(Captioned web images)
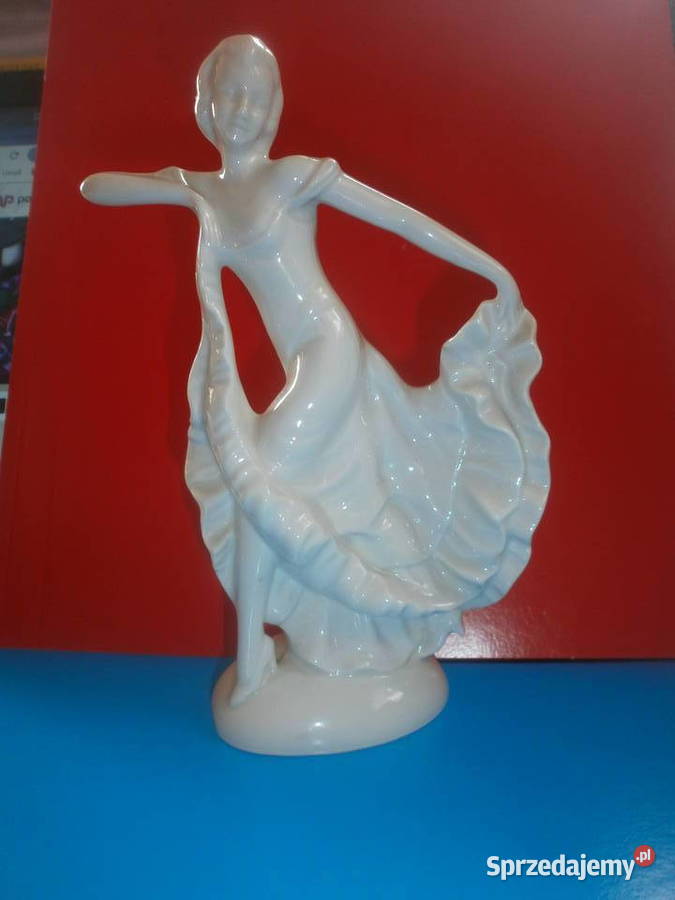 śliczna figurka porcelana 16 Zielona Góra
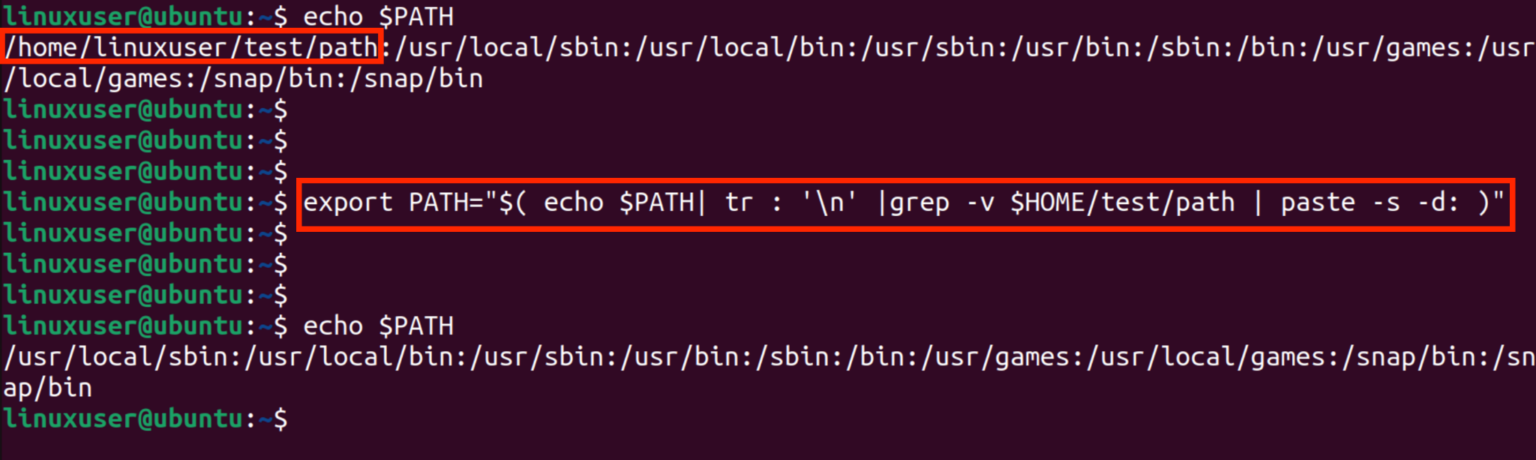 How to Add a Directory to a $PATH in Linux/Ubuntu? – LinuxWays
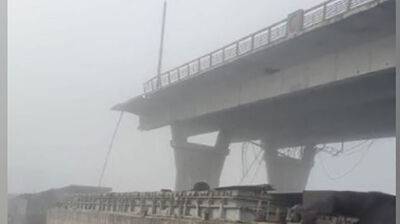 При отступленни войск РФ на Херсонщине разрушены 7 мостов – CNN
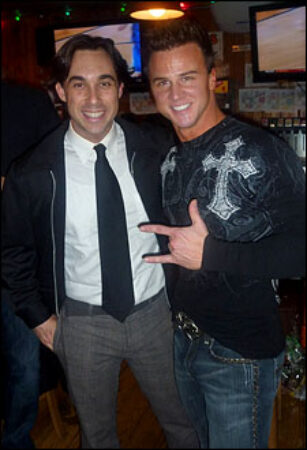 Ryan Duncan and James Royce Edwards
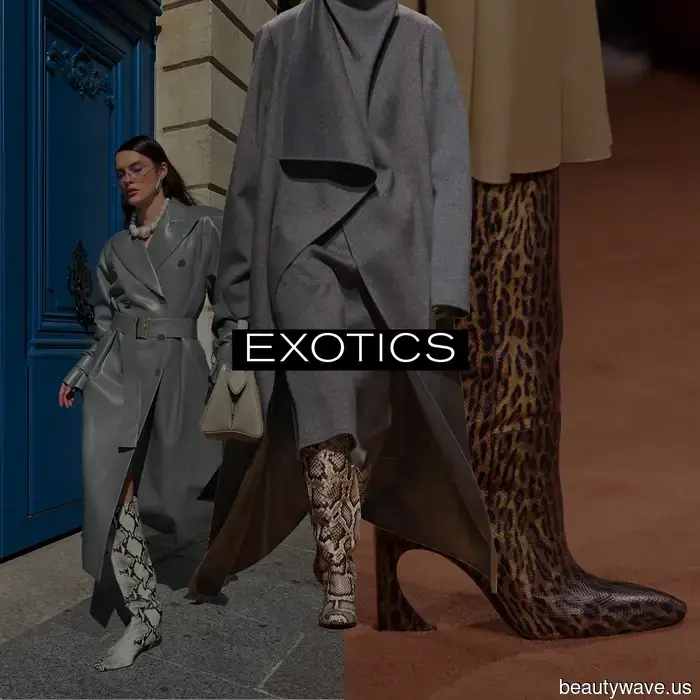 Introducing the Top 6 Boot Trends for Fall 2025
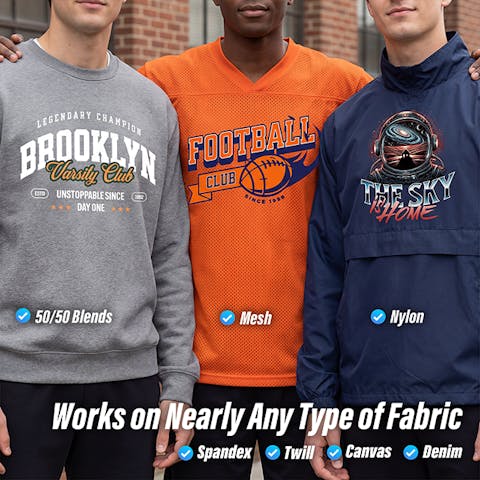 DTF Transfers By Size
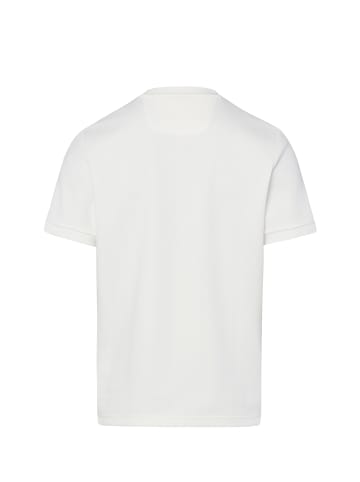 Finshley & Harding Shirt in ecru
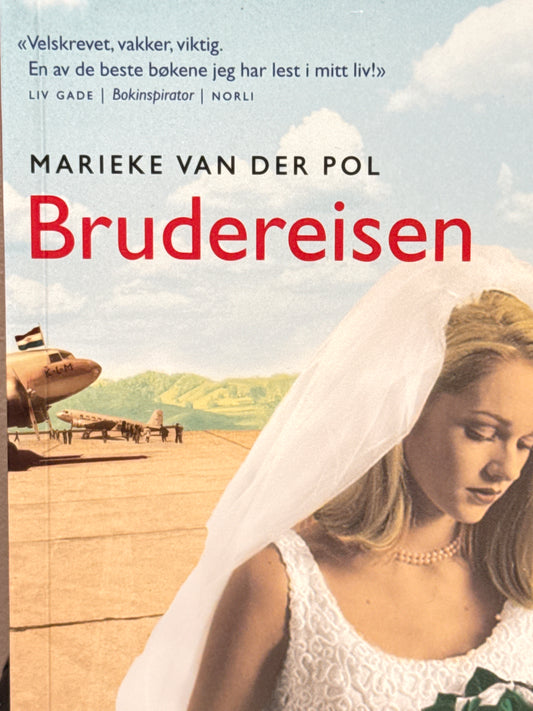 Brudereisen - Pocket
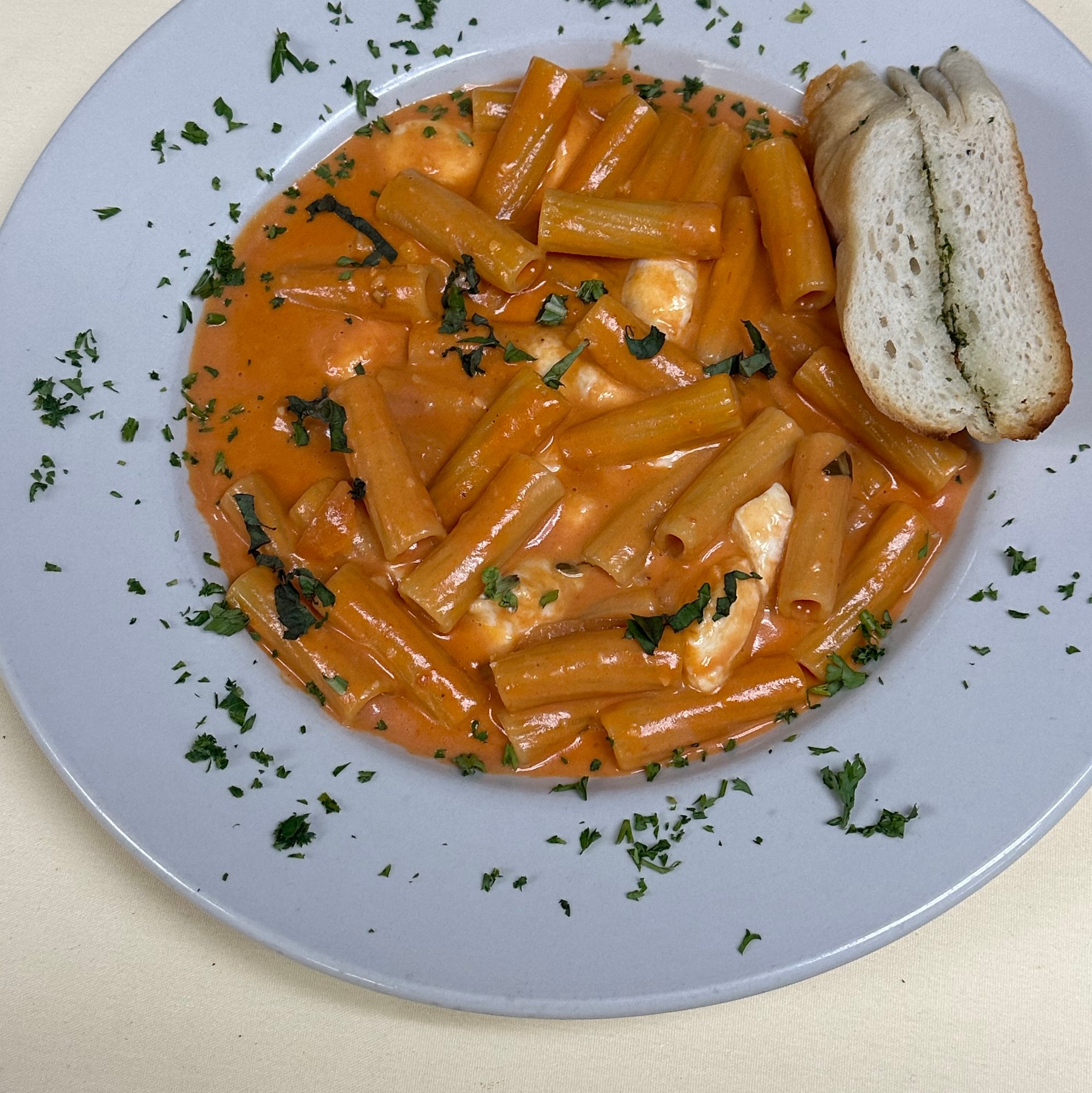 Penne Mama Rosa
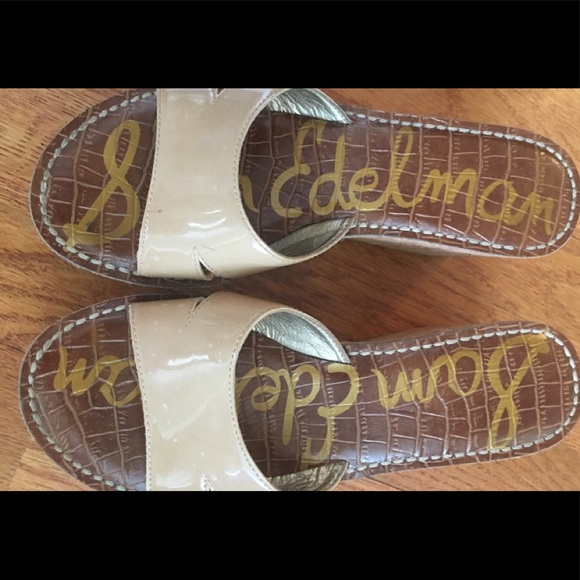 Sam Edelman Shoes - Sam Edelman sandals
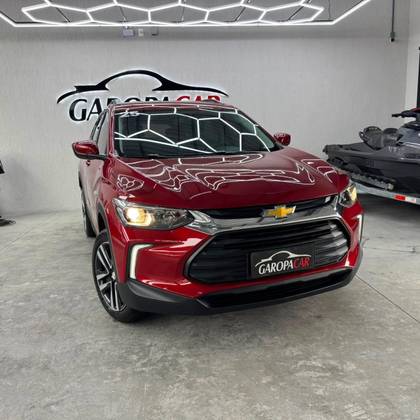 CHEVROLET TRACKER 1.0 TURBO FLEX LT AUTOMÁTICO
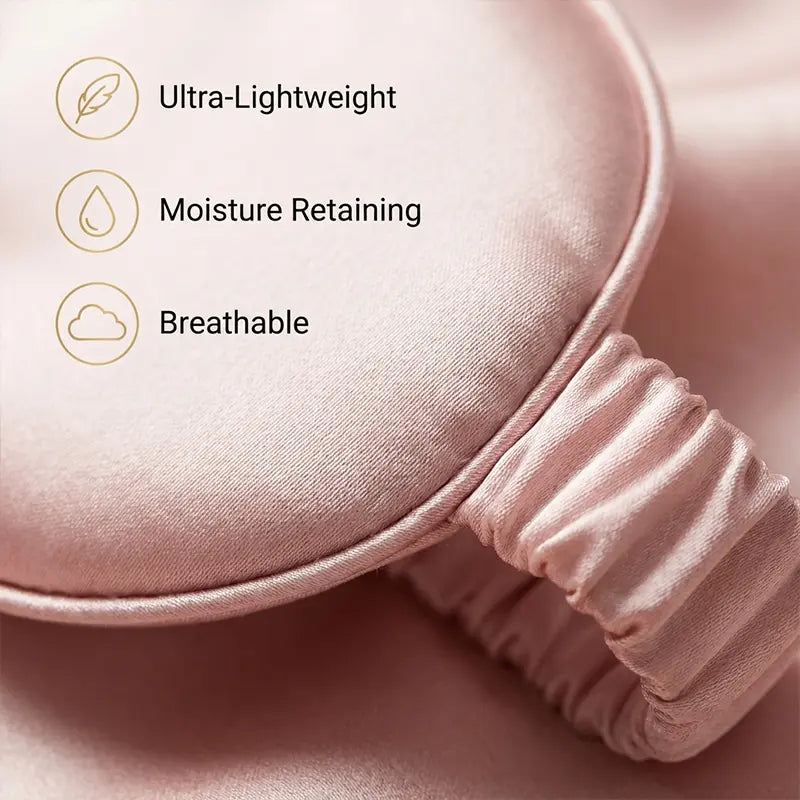 22 Momme Silk Eye Mask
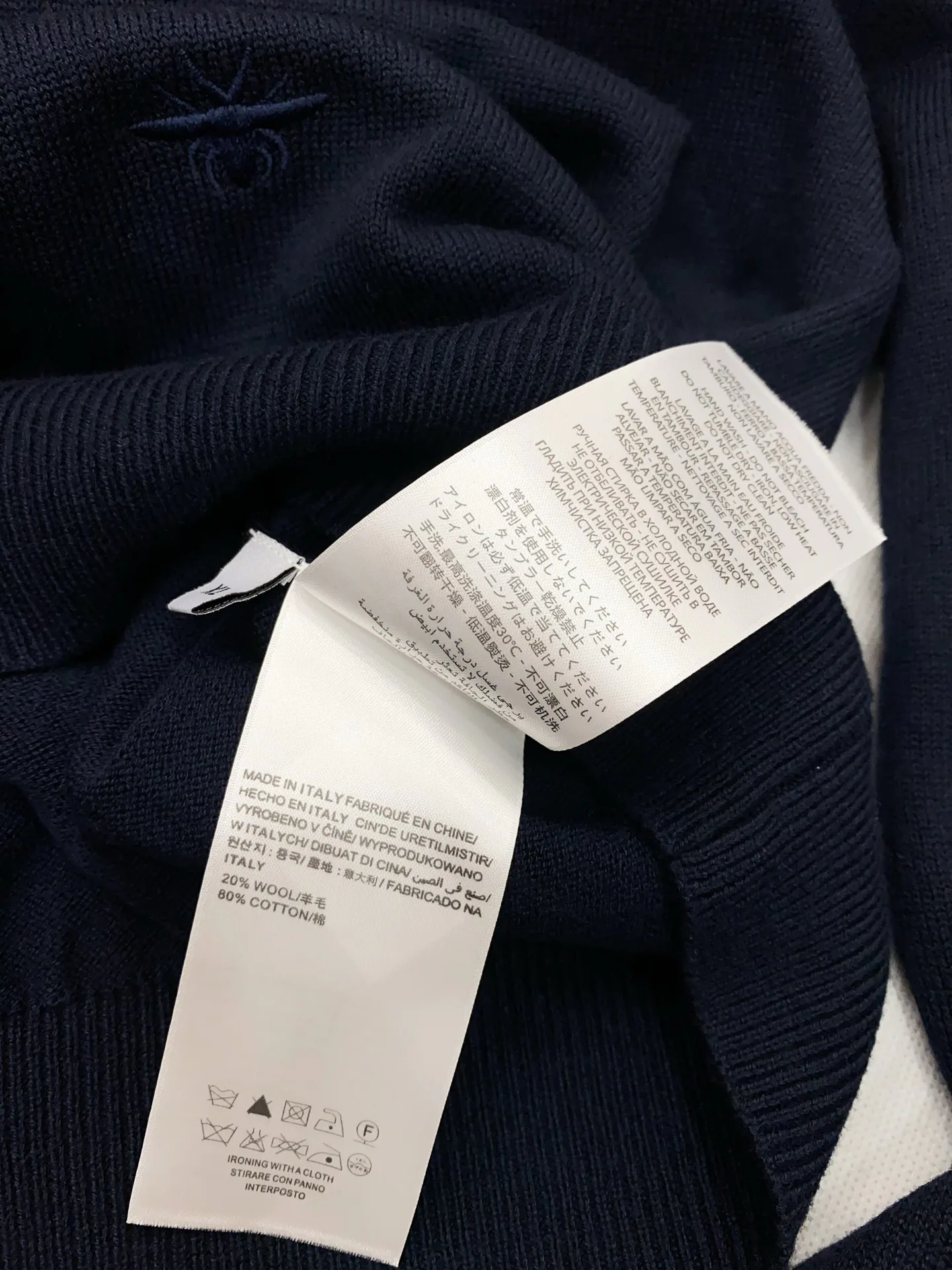 Men's Jumpers And Sweaters CHRISTIAN DIOR 18469115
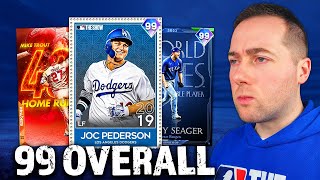 The First 99 Overall Team...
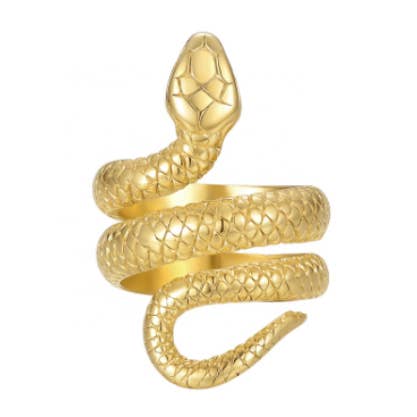 VENOM RING for wholesale by Katie Rae Collection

- Your task:
Copy the final stretch of the entries exactly: the line containing "The First 99 Overall Team..." and every line after it through the last. Include no pictures and nothing more.

- Answer to this task:
 The First 99 Overall Team...
 VENOM RING for wholesale by Katie Rae Collection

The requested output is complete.